Segment Start: RECORDS PROVIDED

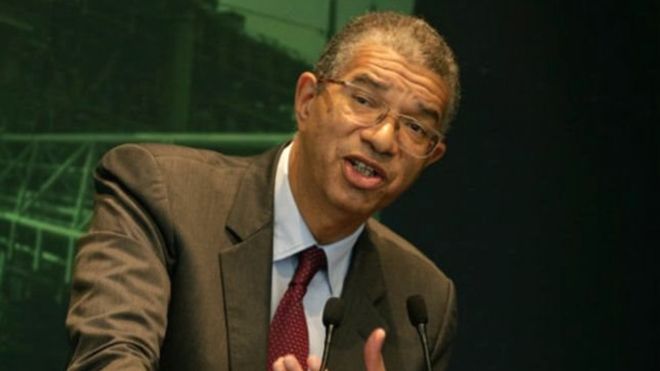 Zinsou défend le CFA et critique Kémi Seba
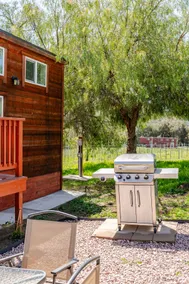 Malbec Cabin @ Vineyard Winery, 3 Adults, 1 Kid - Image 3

Segment End: RECORDS PROVIDED
Segment Start: RECORDS PROVIDED

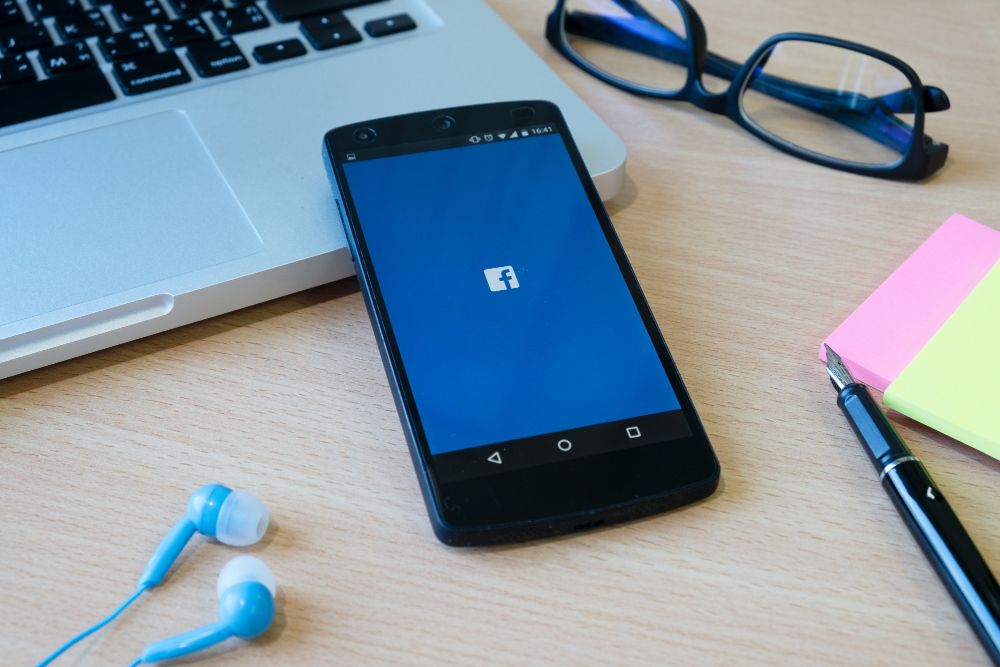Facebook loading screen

Segment End: RECORDS PROVIDED
Segment Start: RECORDS PROVIDED

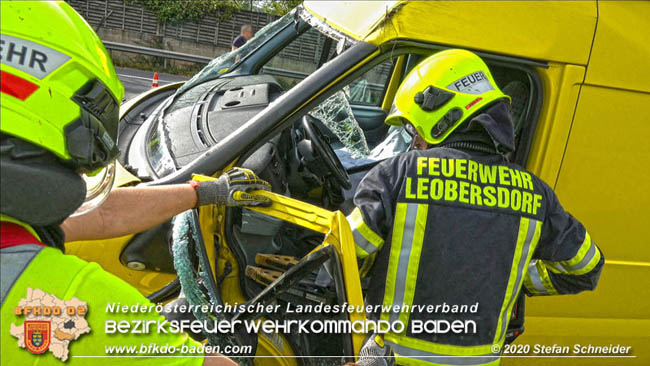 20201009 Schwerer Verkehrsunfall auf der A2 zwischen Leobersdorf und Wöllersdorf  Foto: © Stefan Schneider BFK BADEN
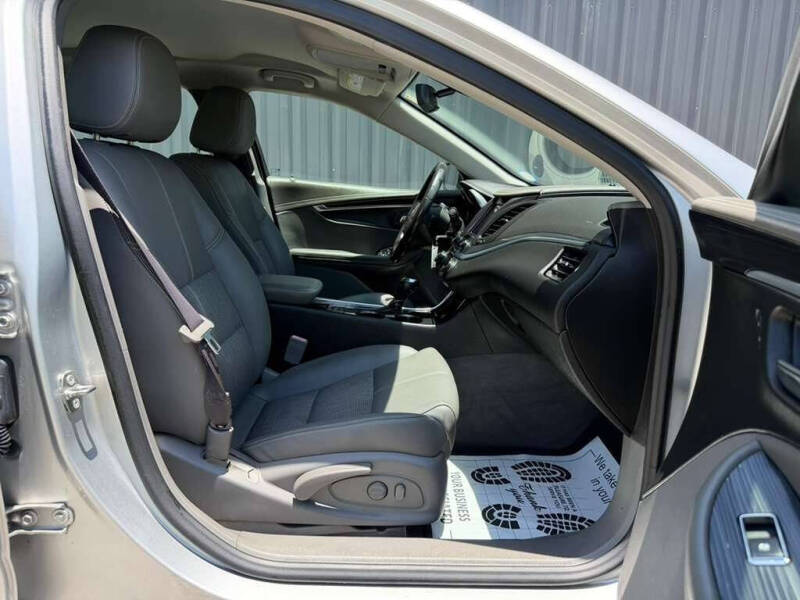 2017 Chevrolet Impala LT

Segment End: RECORDS PROVIDED

=== DIRECTIONS FOR THIS TASK ===
Transcribe only the lines above that start at the line containing "20201009 Schwerer Verkehrsunfall" and end at the line containing "2017 Chevrolet Impala LT". Omit pictures.

=== ANSWER AREA ===
 20201009 Schwerer Verkehrsunfall auf der A2 zwischen Leobersdorf und Wöllersdorf  Foto: © Stefan Schneider BFK BADEN
 2017 Chevrolet Impala LT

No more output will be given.